Я подал ей газету, она отстранила ее.
— Читала, ну так что-ж? Тут сказано «господина». Если-бы он знал, что это вы, он бы не публиковал, а просто бы обратился к вам.
— Это, положим, правда, но все-же, значит, меня видел кто-то, не знающий лишь моей фамилии, и завтра на улице может меня опознать. Да и не в том дело, а в том, что это нечестно. Надо скорее все поправить. У вас сколько осталось денег?

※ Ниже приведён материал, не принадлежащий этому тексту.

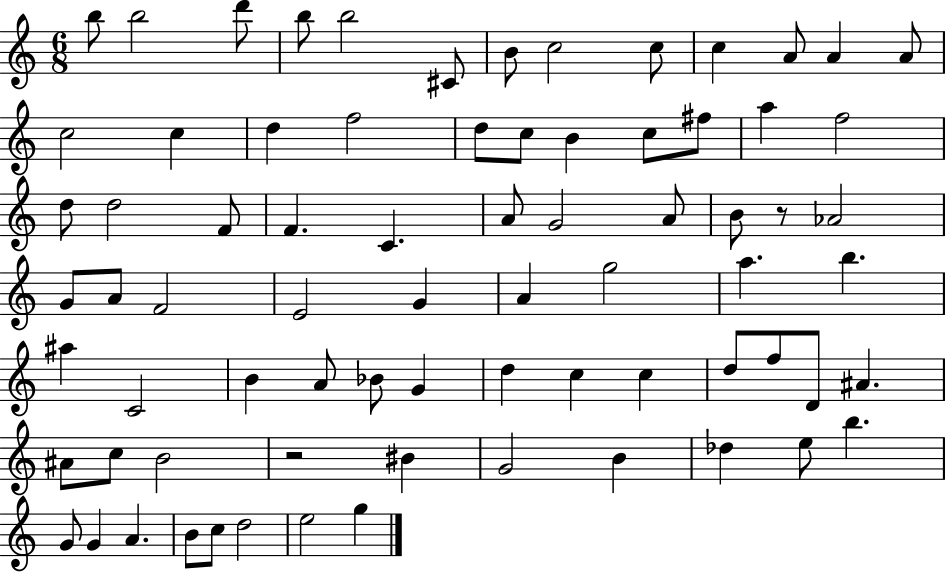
{
  \clef treble
  \numericTimeSignature
  \time 6/8
  \key c \major
  b''8 b''2 d'''8 | b''8 b''2 cis'8 | b'8 c''2 c''8 | c''4 a'8 a'4 a'8 | \break c''2 c''4 | d''4 f''2 | d''8 c''8 b'4 c''8 fis''8 | a''4 f''2 | \break d''8 d''2 f'8 | f'4. c'4. | a'8 g'2 a'8 | b'8 r8 aes'2 | \break g'8 a'8 f'2 | e'2 g'4 | a'4 g''2 | a''4. b''4. | \break ais''4 c'2 | b'4 a'8 bes'8 g'4 | d''4 c''4 c''4 | d''8 f''8 d'8 ais'4. | \break ais'8 c''8 b'2 | r2 bis'4 | g'2 b'4 | des''4 e''8 b''4. | \break g'8 g'4 a'4. | b'8 c''8 d''2 | e''2 g''4 | \bar "|."
}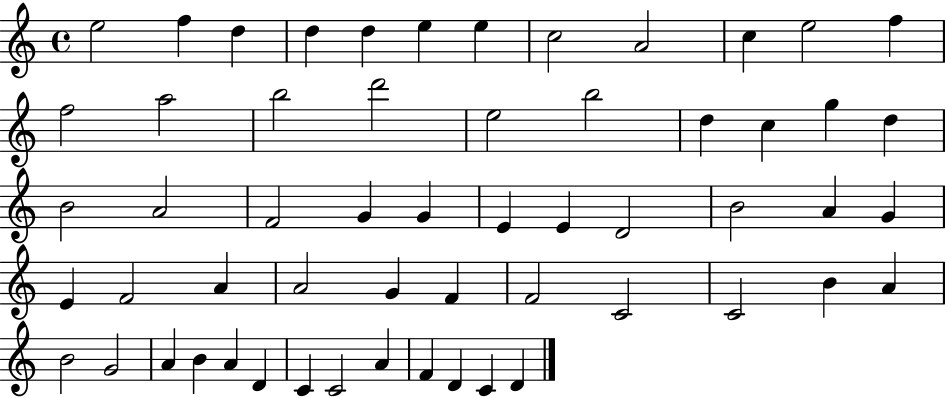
{
  \clef treble
  \time 4/4
  \defaultTimeSignature
  \key c \major
  e''2 f''4 d''4 | d''4 d''4 e''4 e''4 | c''2 a'2 | c''4 e''2 f''4 | \break f''2 a''2 | b''2 d'''2 | e''2 b''2 | d''4 c''4 g''4 d''4 | \break b'2 a'2 | f'2 g'4 g'4 | e'4 e'4 d'2 | b'2 a'4 g'4 | \break e'4 f'2 a'4 | a'2 g'4 f'4 | f'2 c'2 | c'2 b'4 a'4 | \break b'2 g'2 | a'4 b'4 a'4 d'4 | c'4 c'2 a'4 | f'4 d'4 c'4 d'4 | \break \bar "|."
}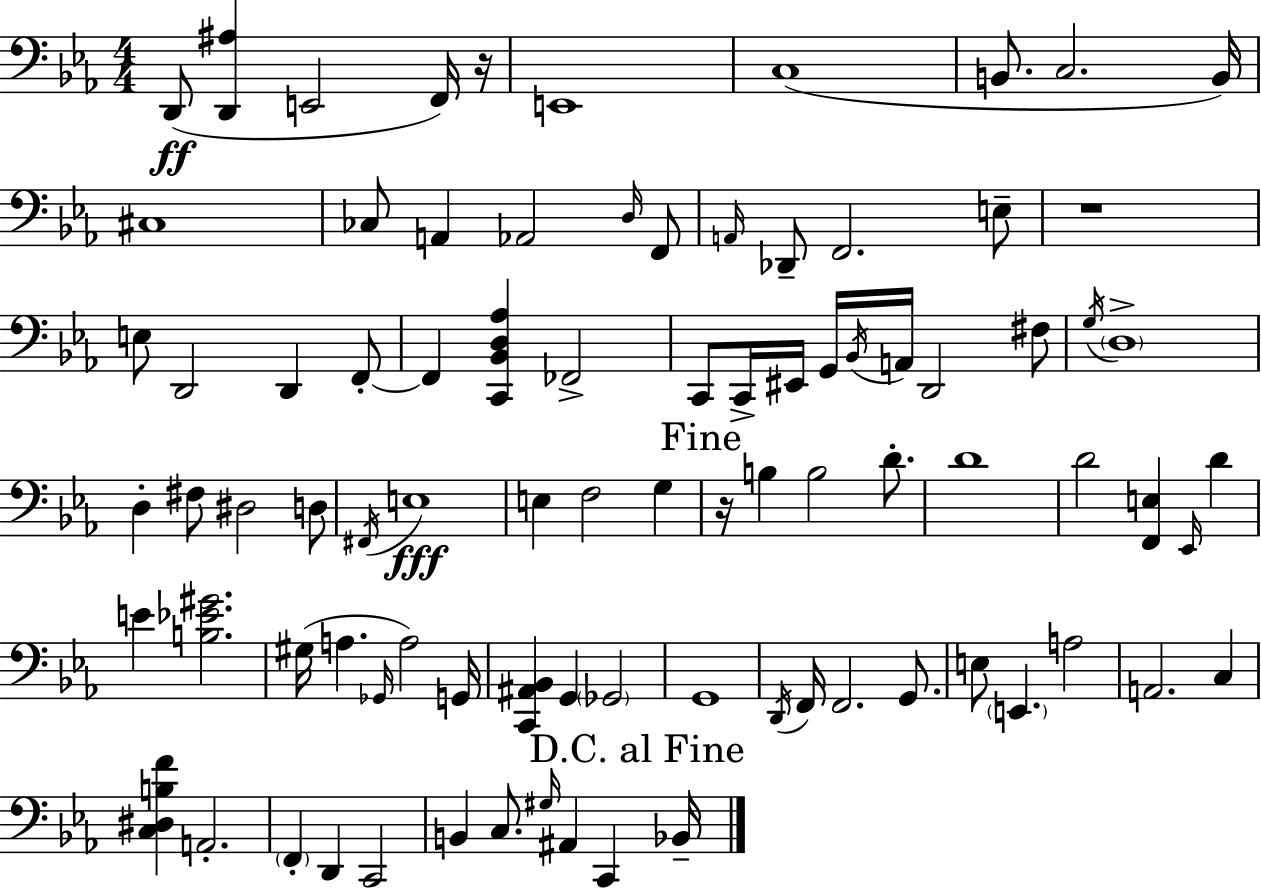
D2/e [D2,A#3]/q E2/h F2/s R/s E2/w C3/w B2/e. C3/h. B2/s C#3/w CES3/e A2/q Ab2/h D3/s F2/e A2/s Db2/e F2/h. E3/e R/w E3/e D2/h D2/q F2/e F2/q [C2,Bb2,D3,Ab3]/q FES2/h C2/e C2/s EIS2/s G2/s Bb2/s A2/s D2/h F#3/e G3/s D3/w D3/q F#3/e D#3/h D3/e F#2/s E3/w E3/q F3/h G3/q R/s B3/q B3/h D4/e. D4/w D4/h [F2,E3]/q Eb2/s D4/q E4/q [B3,Eb4,G#4]/h. G#3/s A3/q. Gb2/s A3/h G2/s [C2,A#2,Bb2]/q G2/q Gb2/h G2/w D2/s F2/s F2/h. G2/e. E3/e E2/q. A3/h A2/h. C3/q [C3,D#3,B3,F4]/q A2/h. F2/q D2/q C2/h B2/q C3/e. G#3/s A#2/q C2/q Bb2/s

— Сто семьд… сто сорок динаров. Чго-ж, вот берите все!
Я очень хорошо видел, как она, вынимая, сунула на дно сумочки скомканные бумажки, но радостно ответил:
— И прекрасно. А я тогда же, в субботу, получил ссуду, и сто шестьдесят четыре динара у меня найдется. Я отдам все завтра Колотову, извинюсь, что поздно прочел объявление и не знал, куда вернуть бумажник. Дайте его сюда.
— У меня его нет.
— Как нет?
— Я испугалась и бросила его в пустыне… знаете, где спуск к Дунаю.
— И документы?
Она кивнула головой. Теперь я почувствовал, что краснею. Мною овладевал гнев.
— Да подумали-ли вы, что вы сделали?! Ведь для беженца — бумаги — все! Дороже денег! Ведь вы его зарезали.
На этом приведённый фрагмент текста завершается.